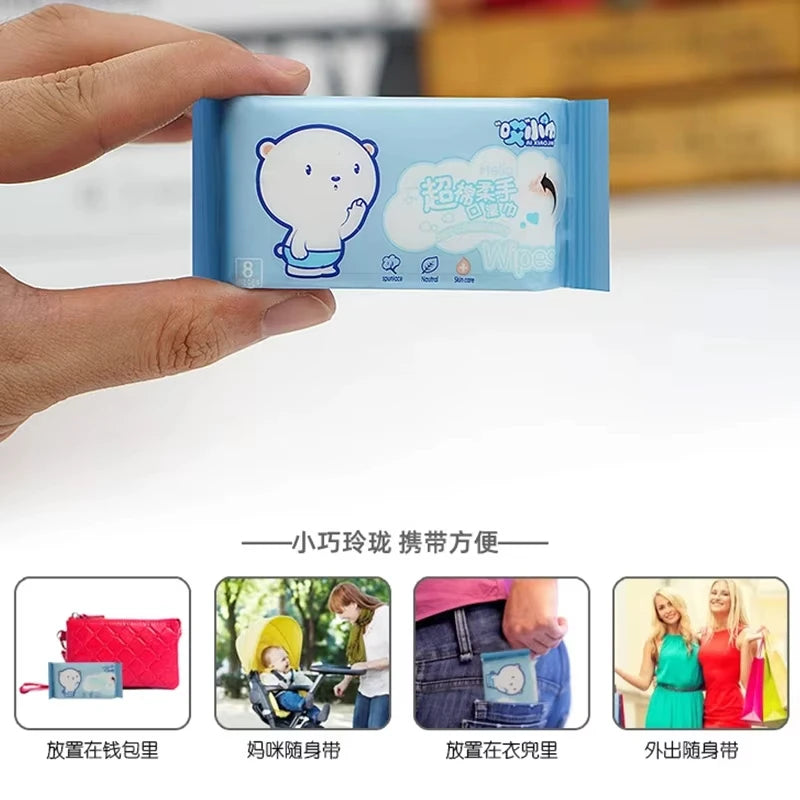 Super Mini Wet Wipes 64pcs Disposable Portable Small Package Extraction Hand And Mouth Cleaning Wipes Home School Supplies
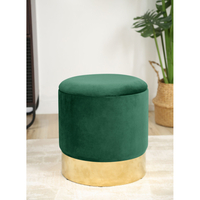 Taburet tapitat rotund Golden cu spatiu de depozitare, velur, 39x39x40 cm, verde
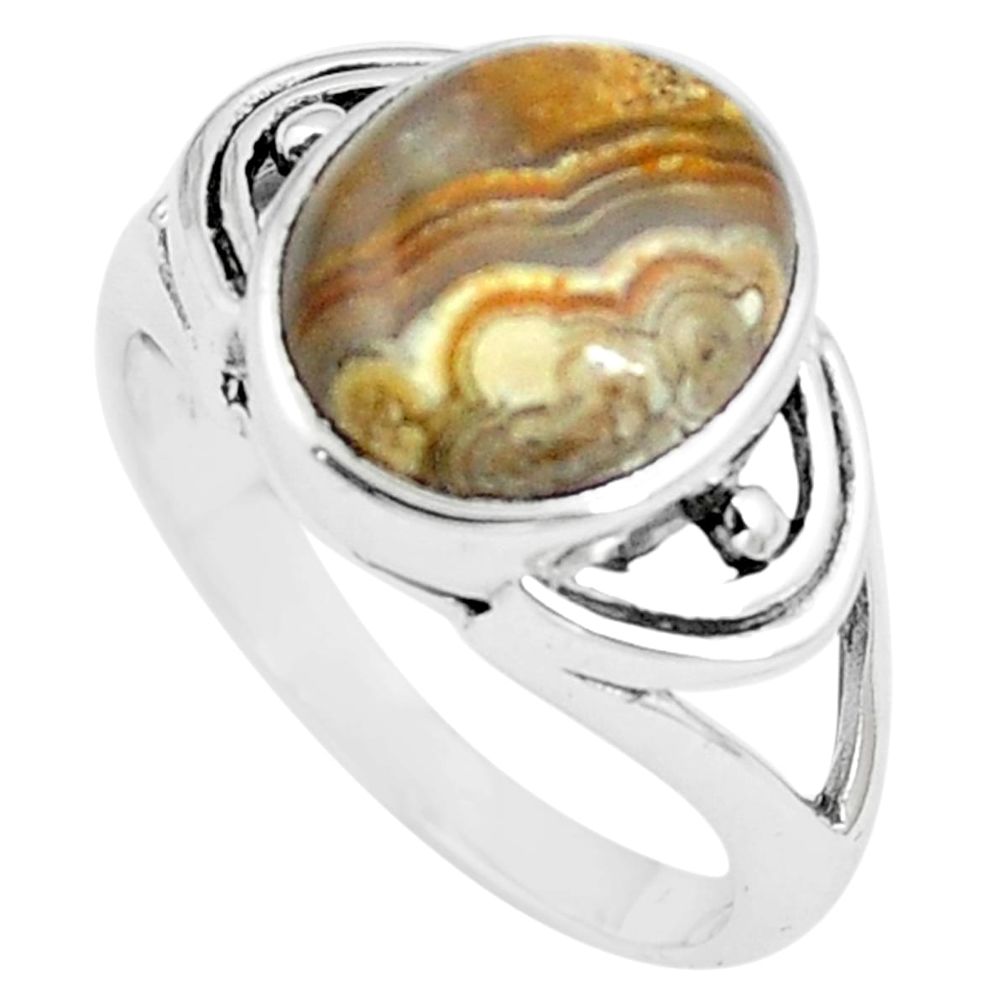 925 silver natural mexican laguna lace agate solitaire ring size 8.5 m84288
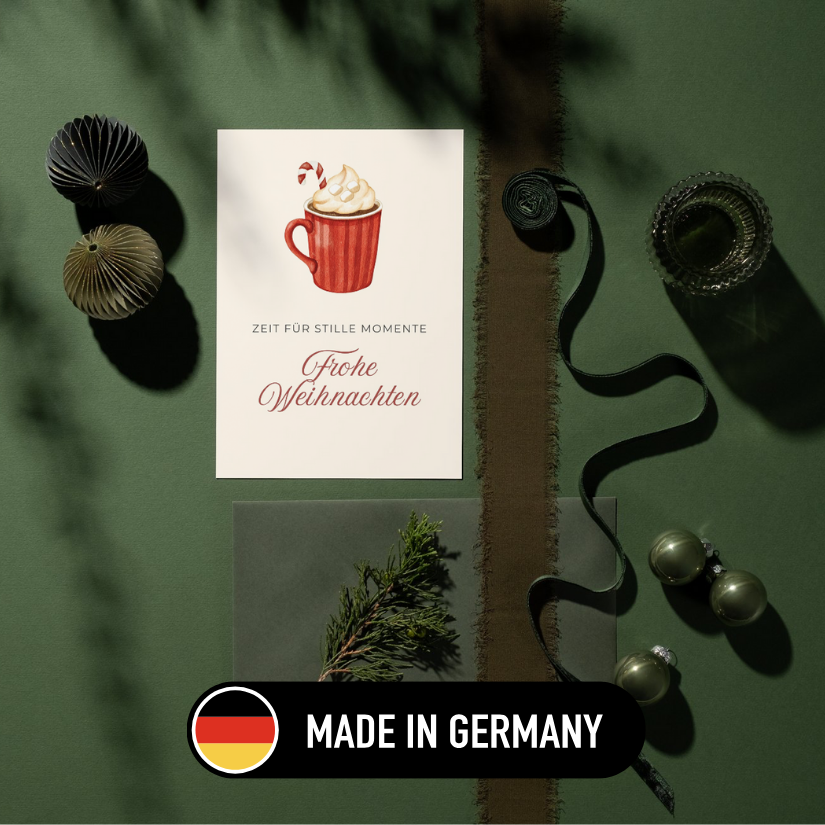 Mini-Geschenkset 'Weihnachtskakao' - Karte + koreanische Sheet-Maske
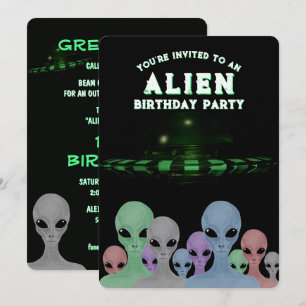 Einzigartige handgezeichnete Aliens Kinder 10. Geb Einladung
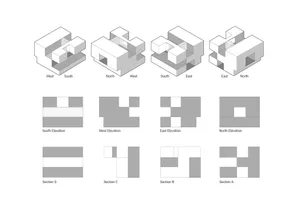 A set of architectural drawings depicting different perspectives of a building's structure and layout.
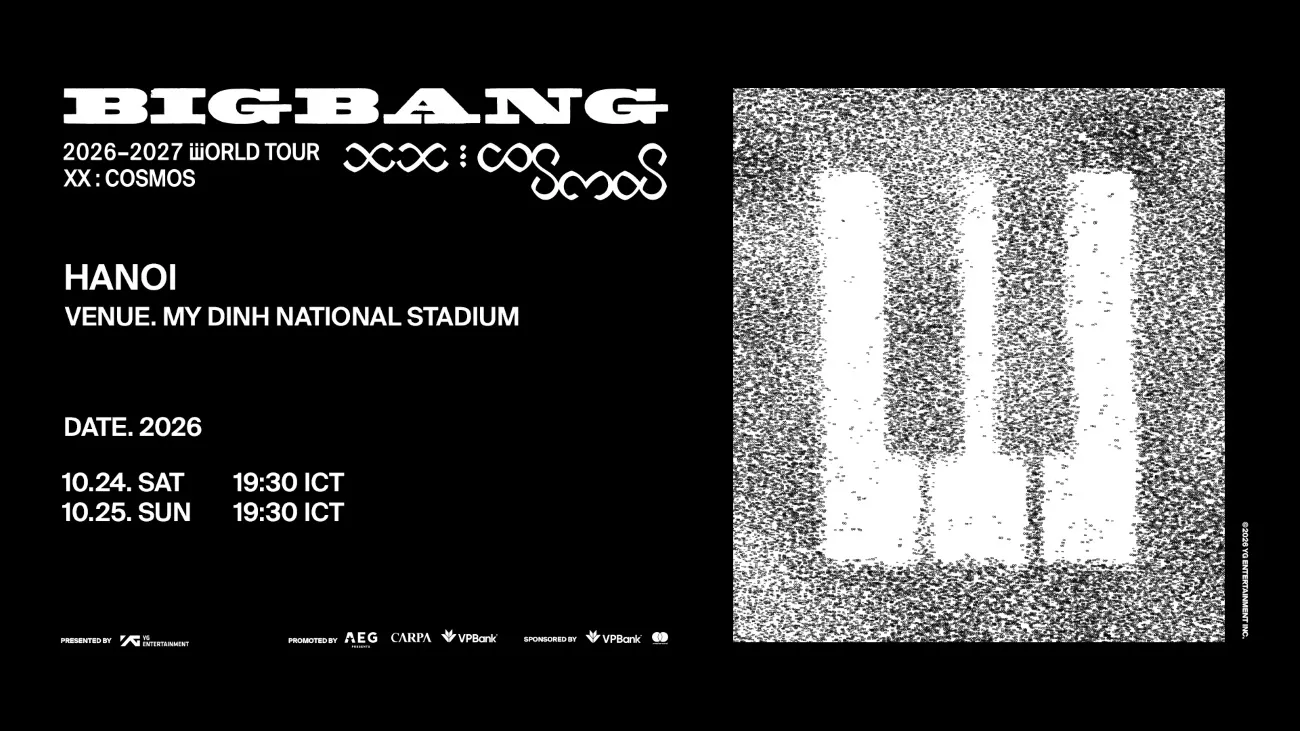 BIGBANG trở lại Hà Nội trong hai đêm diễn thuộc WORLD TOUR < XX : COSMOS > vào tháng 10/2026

§ Directions for this task: All entries above must be duplicated exactly; please omit any picture they hold.

§ Reply:
 Super Mini Wet Wipes 64pcs Disposable Portable Small Package Extraction Hand And Mouth Cleaning Wipes Home School Supplies
 Taburet tapitat rotund Golden cu spatiu de depozitare, velur, 39x39x40 cm, verde
 925 silver natural mexican laguna lace agate solitaire ring size 8.5 m84288
 Mini-Geschenkset 'Weihnachtskakao' - Karte + koreanische Sheet-Maske
 Einzigartige handgezeichnete Aliens Kinder 10. Geb Einladung
 A set of architectural drawings depicting different perspectives of a building's structure and layout.
 BIGBANG trở lại Hà Nội trong hai đêm diễn thuộc WORLD TOUR < XX : COSMOS > vào tháng 10/2026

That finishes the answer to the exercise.